Species of flowering plant

Exostema caribaeum, commonly known as princewood, Caribbean princewood, or Jesuit bark, is a species of flowering plant in the family Rubiaceae. It is a shrub or tree with papery leaves, white flowers, and brown capsule fruits.

Exostema caribaeum is native to forests in the United States, the Caribbean, and central America. The species was described in 1760. In 2018, the IUCN listed it as of Least Concern. It is used for medicine, timber, and horticulture.

==Taxonomy==
The species was named in 1760, by Nikolaus Joseph von Jacquin. Jacquin placed it in the genus Cinchona. In 1819, Johann Jacob Roemer and Josef August Schultes moved it to the genus Exostema.

==Distribution==
The species is native to the wet tropical biome of the United States (southern Florida), the Caribbean, Mexico, and central America. It grows in arid coastal thickets, dry forests, and pine woodlands. The species grows on solid limestone.

Its extimated extent of occurrence is 5328368.99 km2. The species is present at elevations up to 800 ft.

==Description==
Exostema caribaeum is a perennial shrub or tree that grows 2-4 m high. The bark is smooth, developing horizontal fissures with age, and greyish or dark brown. The twigs are slightly flattened.

The leaves are papery, elliptic to elliptic-ovate, 3.5-7.5 cm long, and 1.7-3 cm wide. The edges are slightly undulating. The leaves are arranged oppositely, and have 3-12 mm long stems.

The flowers are fragrant, solitary, and grow on 7-10 mm stems. The calyx and corolla are fused into a hypanthium, which is green, bell-shaped, and 5-6 mm long. The hypanthium has five triangular sepals, which are around 1 mm long. The corolla is approximately trumpet-shaped, white to cream coloured, and forms a five-lobed cylindrical tube, which is 3-4 cm long. The flowers have five stamens.
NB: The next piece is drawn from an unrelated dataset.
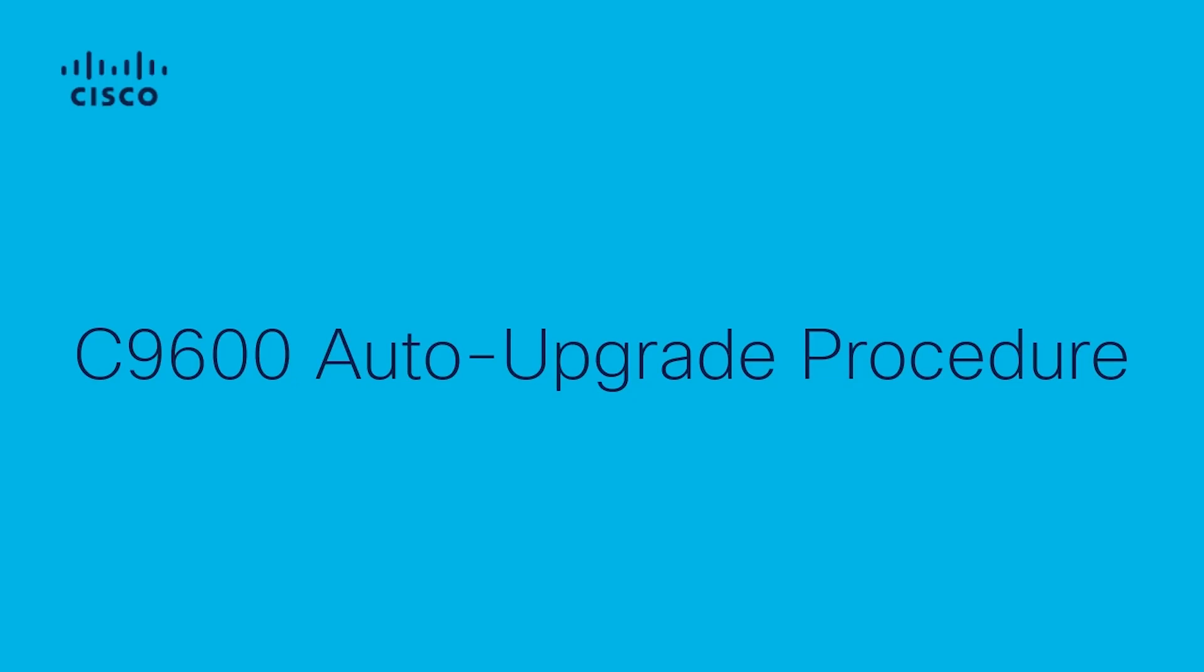Hello, this is Laura Arias from the Cisco Tag Team. In this video, we will demonstrate how to do an auto-upgrade procedure on a Catalyst 9600 switch when installing a second supervisor engine.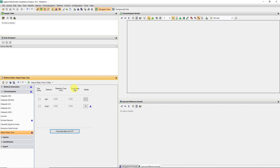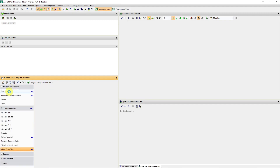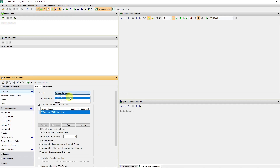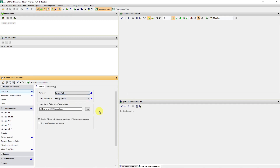I want to show you how we do a sample purity calculation if we have any UV data. There are a few ways we can do this. I'd like to start with a manual calculation so you understand the principles of how the program is doing this, and then we can go over to an automated fashion. So it's a mass-directed purity analysis utilizing the information of a given formula or mass, which is input by the user and relayed to the UV chromatogram.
The fruit is a dark brown, ellipsoid capsule, measuring 1.3-1.7 cm long. The capsule is dehiscent, splitting longitudinally. The seeds are around 4.5 mm long, and lens-shaped.

==Ecology==
Exostema caribaeum is a host of the fungus Meliola psychotriae.

==Conservation==
In 2018, the IUCN assessed Exostema caribaeum as of Least Concern. The species faces no major threats, and has a stable population.
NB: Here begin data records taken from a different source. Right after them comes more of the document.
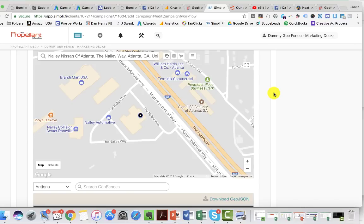Hey everyone, super excited to share with you this concept — this technology around conversion zone tracking. As marketers, as folks in digital advertising, we're used to tracking conversions on websites.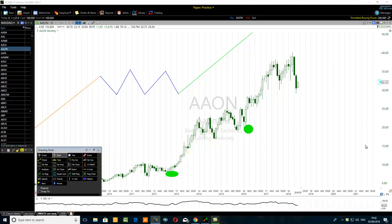Hello traders, this is part 2 of how to avoid ABCDE corrective wave pattern trading mistakes. In part 2, we want to share with traders another tip that they can use to improve their ABCDE corrective wave in their wave triangle trading.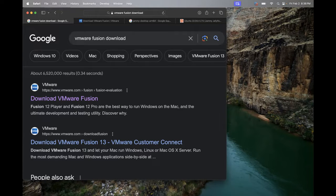What up, what up, what up? This is Toby with O-Line Security and we are back with another quick walkthrough. This one is specifically going to be about VMware Fusion.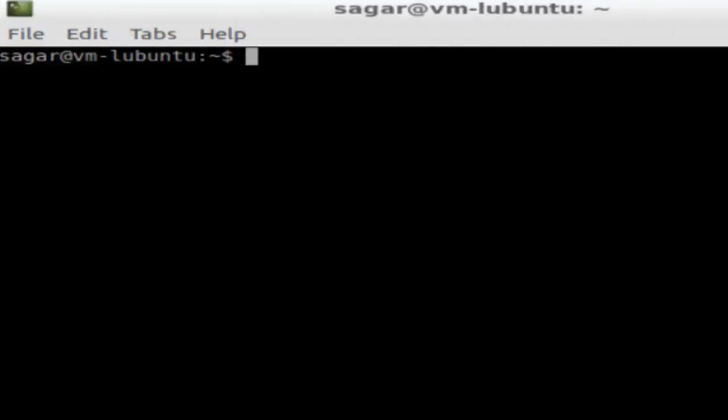Hello there, in this video I'm going to show you how you can check if your Ubuntu has Java installed in it. So to check if Java is installed, just fire this command from the terminal: java -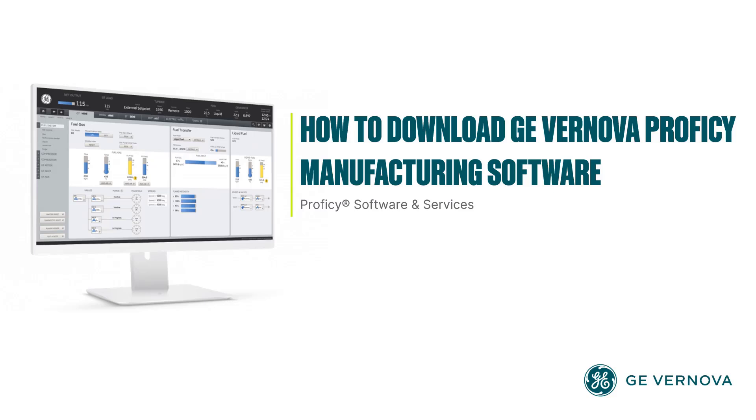Hi, this is Dheeraj Kumar Dundigala, Senior Technical Writer at GE Vernova. I am going to demonstrate how to download GE Vernova Proficy Manufacturing Software.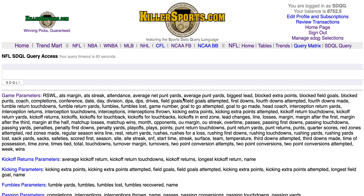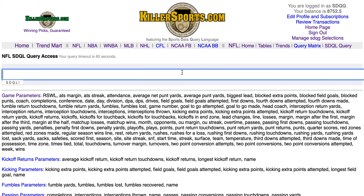Here we are at thekillersports.com NFL STQL query page on Friday, September the 6th. On Friday, usually we feature a trend from the 2019 killersports.com NFL annual. Since it's week one, none of those trends are active, as virtually all of them are result-based.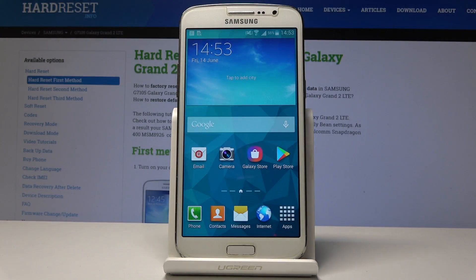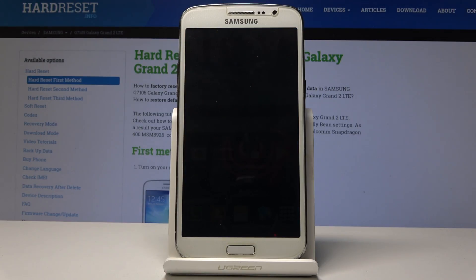Welcome. This is a Samsung Galaxy Grand 2 and today I will show you how to change the date and time settings.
NatureServe lists the species as globally Secure, but Imperiled in Florida.

==Uses==
In the Lucayan Archipelago, Exostema caribaeum is used to treat anemia, diarrhea, hemorrhoids, low blood pressure, stomach aches, and ringworm. Bark extracts are used to treat fever, and to increase intoxication from alcohol. The species is also used in strengthening teas, and to increase appetite.
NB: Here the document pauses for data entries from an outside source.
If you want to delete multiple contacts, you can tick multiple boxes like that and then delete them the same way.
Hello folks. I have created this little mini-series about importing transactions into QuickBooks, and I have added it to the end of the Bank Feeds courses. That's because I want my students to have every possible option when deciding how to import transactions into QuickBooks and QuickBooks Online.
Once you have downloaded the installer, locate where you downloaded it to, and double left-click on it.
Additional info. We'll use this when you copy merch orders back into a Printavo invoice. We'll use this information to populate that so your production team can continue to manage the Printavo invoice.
The wood is used for fuel and timber. The timber is used for fences, cabinets, inlay, and woodturning.

Exostema caribaeum is used in the horticultural trade, due to its large, fragrant flowers.

==Nomenclature==
English common names for the species are "Princewood", "Caribbean Princewood", or "Jesuit bark".

In Spanish, the species is known as cáscara sagrada roja or, in Dominican Spanish, as Piñí-piñí. In French, the species is known as Quinquina caraïbe. In Yucateco, the species is known as Sabak ché or Baak soots'.